Work instruction.
Start at the line in the entries below that contains "Hello, welcome to", stop at the line that contains "With Max's help, we'll", and output exactly the lines in that span, both ends included.

Records for this task.
-.-.-

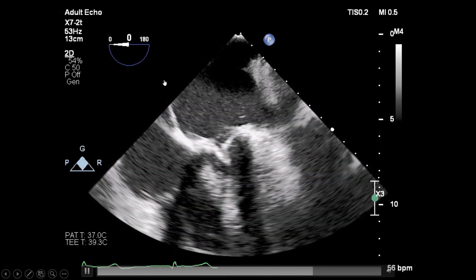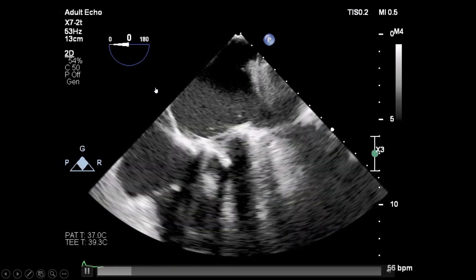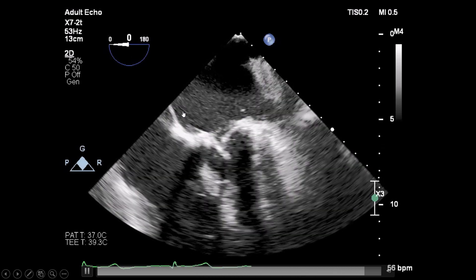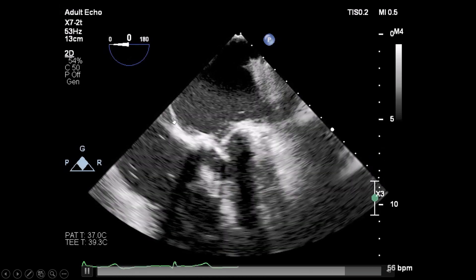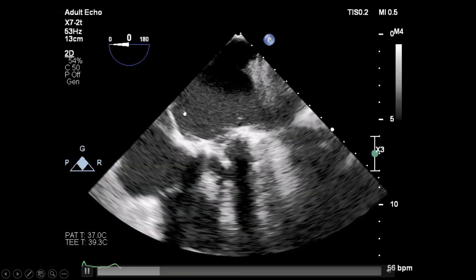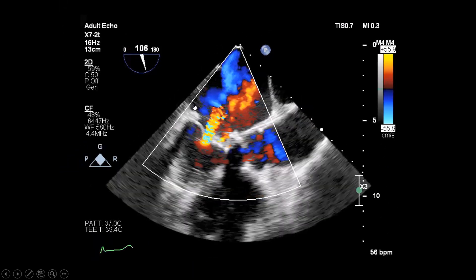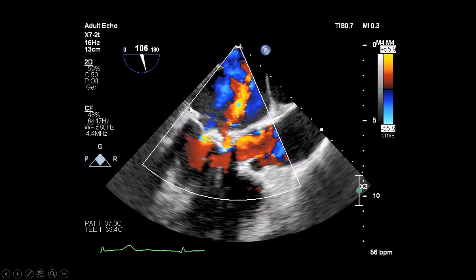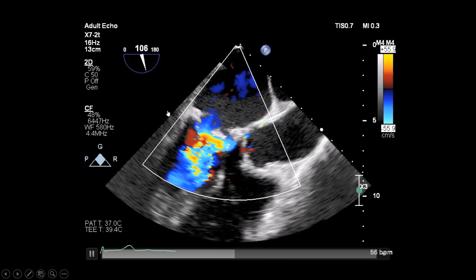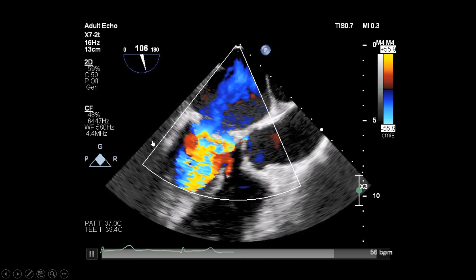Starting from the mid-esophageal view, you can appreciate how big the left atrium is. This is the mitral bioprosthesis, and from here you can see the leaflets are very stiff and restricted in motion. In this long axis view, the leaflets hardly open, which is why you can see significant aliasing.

-.-.-

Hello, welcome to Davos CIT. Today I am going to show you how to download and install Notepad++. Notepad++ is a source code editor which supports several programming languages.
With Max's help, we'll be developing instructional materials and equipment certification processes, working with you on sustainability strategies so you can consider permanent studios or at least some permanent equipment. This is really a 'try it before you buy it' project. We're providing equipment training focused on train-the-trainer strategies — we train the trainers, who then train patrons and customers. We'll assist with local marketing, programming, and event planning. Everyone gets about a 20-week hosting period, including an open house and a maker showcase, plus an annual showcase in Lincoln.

-.-.-

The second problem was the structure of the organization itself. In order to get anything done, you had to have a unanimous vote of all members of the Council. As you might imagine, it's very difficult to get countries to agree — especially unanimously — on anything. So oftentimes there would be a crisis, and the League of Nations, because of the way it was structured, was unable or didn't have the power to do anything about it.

-.-.-

Solution for this problem.
Hello, welcome to Davos CIT. Today I am going to show you how to download and install Notepad++. Notepad++ is a source code editor which supports several programming languages.
With Max's help, we'll be developing instructional materials and equipment certification processes, working with you on sustainability strategies so you can consider permanent studios or at least some permanent equipment. This is really a 'try it before you buy it' project. We're providing equipment training focused on train-the-trainer strategies — we train the trainers, who then train patrons and customers. We'll assist with local marketing, programming, and event planning. Everyone gets about a 20-week hosting period, including an open house and a maker showcase, plus an annual showcase in Lincoln.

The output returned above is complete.